Überall in Bayern waren ab Sommer 1945 auf Anordnung von US-Präsident Truman „Assembly Centers“ entstanden, wie sie etwa in Föhrenwald, Pocking, Bamberg, München, Hof oder Landsberg nachweisbar sind – in denen teilweise Tausende von jüdischen Bewohnern lebten. In Marktredwitz bestand von 1945 bis zum Anfang der 1950er Jahre eine bis zu 240 Mitglieder umfassende jüdische Gemeinschaft. Für einige Jahre kam es in diesen „Wartesälen“ zu einer Wiedergeburt des nahezu zerstörten osteuropäischen Schtetl-Lebens mit sozialen und politischen Organisationen, Schulen, Lehrwerkstätten, Zeitungen, Sportvereinen und natürlich Synagogen.

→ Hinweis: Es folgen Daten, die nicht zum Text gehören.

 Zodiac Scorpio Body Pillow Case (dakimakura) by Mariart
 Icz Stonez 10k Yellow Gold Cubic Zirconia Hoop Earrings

Nicht nur für die strenggläubigen Juden war es ein elementares Bedürfnis, auch im „Land der Täter“ ihre Religion auszuüben und die traditionellen Feiertage zu begehen, die vor der Entrechtung durch die nationalsozialistische Barbarei ihr Leben prägten. Einer der wichtigsten Tage war dabei das Freiheitsfest Pessach, das man geschickt mit der Idee einer jüdischen Nation verknüpfte. Ein spezieller Seder-Teller, auf dem symbolische Speisen drapiert werden, ist dafür unabdingbar: ein Bitterkraut (Marot) als Zeichen für die Knechtschaft in Ägypten, ein Stück Lammkeule (Seora), das an die Opferung eines Lamms erinnert, eine Paste aus Apfel, Feigen und Nussstückchen (Charosset) als Symbol für die Ziegel, die die Israeliten in der Knechtschaft herstellen mussten, ein zweites Bitterkraut (Chaseret), eine Erdfrucht (Karpas), die für die harte Arbeit in der Sklaverei steht und ein Ei (Bejtza), welches an die Fruchtbarkeit, aber auch an die Trauer über den zerstörten Tempel in Jerusalem erinnern soll.

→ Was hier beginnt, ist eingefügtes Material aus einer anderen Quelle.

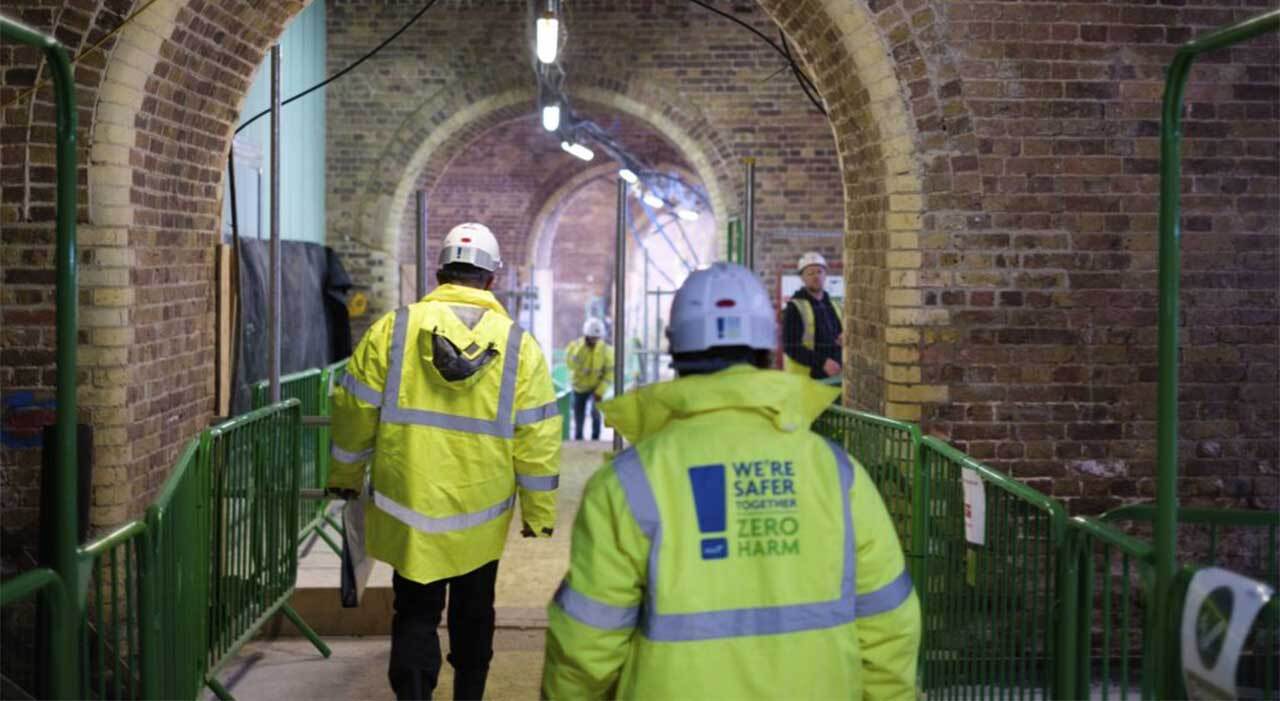 Coat, Adult, Male, Man, Person, Hardhat, Helmet, Worker, Brick, Walking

Für das Pessach-Fest 1948 produzierte die Werkstatt in Marktredwitz Tausende solcher rituellen Platten, versehen mit einer hebräischen Inschrift und einer Bebilderung: „Von der Sklaverei“ (jüdische Sklaven, die ägyptische Pyramiden bauen) „zur Freiheit“ (eine friedliche Stadtansicht mit Palmen in Palästina).

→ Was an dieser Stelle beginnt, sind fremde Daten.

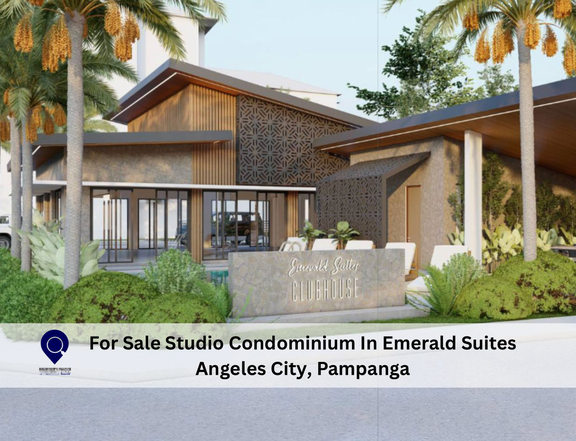 For Sale Studio Condominium In Emerald Suites Angeles near Clark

Ein Wunsch, der am 14. Mai 1948 mit der Proklamation des Staates Israel durch den ersten Ministerpräsidenten David Ben Gurion in Erfüllung ging. Außerdem liberalisierten die USA, Kanada und Australien zum Ende der Dekade ihre Einwanderungsvorschriften, sodass die meisten Juden die „Wartesäle“ verlassen konnten – im Gepäck befand sich oft ein in Marktredwitz gebrannter Seder-Teller.

Quellen:

Zeitungsartikel aus der amerikanisch-jüdischen Presse, Schriftwechsel und Berichte. American Jewish Joint Distribution Committee Archives, New York (45/54 Germany).